De ETS-sectoren waar de koppeling volgens de Commissie op van toepassing moeten zijn,
komen overeen met het Europese emissiehandelssysteem voor broeikasgasinstallaties
(ETS-1).5 De overeenkomst tussen de EU en het VK over ETS zou daarnaast een procedure moeten
bevatten voor uitbreiding naar andere ETS-sectoren, stelt de Commissie.
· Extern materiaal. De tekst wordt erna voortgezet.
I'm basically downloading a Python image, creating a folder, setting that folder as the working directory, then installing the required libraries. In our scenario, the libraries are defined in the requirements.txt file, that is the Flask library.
De Commissie stelt dat de twee nieuwe overeenkomsten moeten voldoen aan een aantal
voorwaarden, te weten (a) dynamische overname van EU-acquis, (b) waarborging van uniforme
interpretatie daarvan, (c) een geschillenbeslechtingsmechanisme met een onafhankelijk
arbitrage hof op basis van de Handels- en Samenwerkingsovereenkomst, met een rol voor
het EU-Hof van Justitie als hoogste autoriteit voor EU-recht; en (d) een robuust mechanisme
voor de naleving van geschillenbeslechting. Verder moeten de bestaande implementatiestructuren
van de Handels- en Samenwerkingsovereenkomst van toepassing worden op de te onderhandelen
twee nieuwe overeenkomsten. De twee overeenkomsten zouden onafhankelijk van en parallel
aan het Windsor Framework geïmplementeerd worden. De Commissie stelt tot slot dat het VK ook een financiële
bijdrage zou moeten leveren aan de relevante kosten voor de EU op de desbetreffende
beleidsterreinen, zoals de werking van agentschappen, systemen en databases.
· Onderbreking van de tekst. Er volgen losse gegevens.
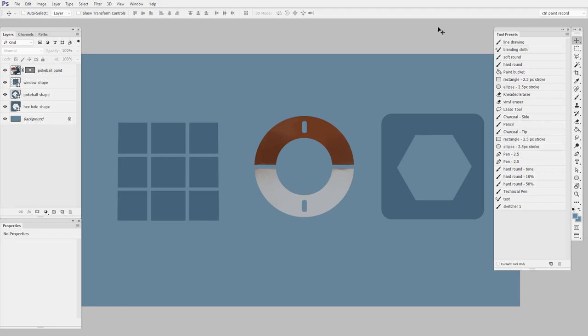In this video, we're just going to clarify the difference between vector shapes, paths, and vector masks. They are similar, but it's important to understand the difference.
3. Nederlandse positie ten aanzien van het voorstel
a) Essentie Nederlands beleid op dit terrein
In het Regeerprogramma staat vermeld dat Nederland de relatie met zijn buren, waaronder
het VK, koestert.6 NAVO-bondgenoot VK wordt tevens genoemd in het hoofdstuk over internationale veiligheid
als belangrijke partner. Dat geldt niet alleen voor Nederland bilateraal, het VK is
ook voor de EU een belangrijke partner.
Het VK en de EU zijn belangrijke gelijkgezinde partners, bijvoorbeeld voor Europese
veiligheid en steun aan Oekraïne. De relatie tussen de EU en het VK is ook op een
economische pijler gestoeld, omdat de EU, in het bijzonder buurland Nederland, en
het VK belangrijke handelspartners van elkaar zijn. Om deze reden steunt Nederland
de inzet van de Commissie om de relatie tussen de EU en het VK te versterken waar
dit van toegevoegde waarde is, waaronder op het gebied van buitenland-, veiligheid-
en defensiebeleid.7 Ook heeft het kabinet ingezet op toekomstbestendige lange-termijnafspraken die duidelijkheid
bieden voor de wind op zee ontwikkelaars en stabiliteit voor de visserijsector. Deze
inzet was van belang voor de voorbereiding van de Top op 19 mei jl. waar het startschot
werd gegeven voor een versterkt partnerschap.8
Gezien de economische relatie tussen Nederland en het VK, heeft Nederland baat bij
het versoepelen van handel waar dit mogelijk is en het waarborgen van eerlijke concurrentie.
Belangrijke voorwaarde hierbij is het behoud van de integriteit van de EU interne
markt en de implementatie van de Handels- en Samenwerkingsovereenkomst. Conform de
motie Paternotte heeft Nederland in EU-verband aangegeven open te staan voor het verkennen
van de mogelijkheden, indien het VK wenst te spreken over zaken als een akkoord over
sanitaire en fytosanitaire maatregelen en emissienormen.9
b) Beoordeling + inzet ten aanzien van dit voorstel
Het kabinet staat positief tegenover dit voorstel van de Commissie. Het voorstel is
in lijn met de Nederlandse inzet voor de EU-VK Top van mei jl. waarin is aangegeven
dat wat Nederland betreft de deur van de EU open staat om aanvullende afspraken te
maken om handel te bevorderen, mits aan de voorwaarde wordt voldaan dat de integriteit
van de EU interne markt geborgd blijft. Het kabinet staat positief tegenover het uitgangspunt
van dynamische overname van EU-acquis door het VK en afspraken over uniforme interpretatie
en toepassing en de mogelijkheid tot geschillenbeslechting met de exclusieve bevoegdheid
voor het EU Hof van Justitie om EU-recht te interpreteren. Hiermee gelden immers dezelfde
regels op sanitaire- en fytosanitaire gebied en hetzelfde ambitieniveau van het Europese
emissiehandelssysteem. Het kabinet zal scherp aandacht houden voor deze voorwaarden
gedurende de onderhandelingen. Een overeenkomst langs de lijnen van het voorstel kan
bijdragen aan een gelijk speelveld en handel faciliteren.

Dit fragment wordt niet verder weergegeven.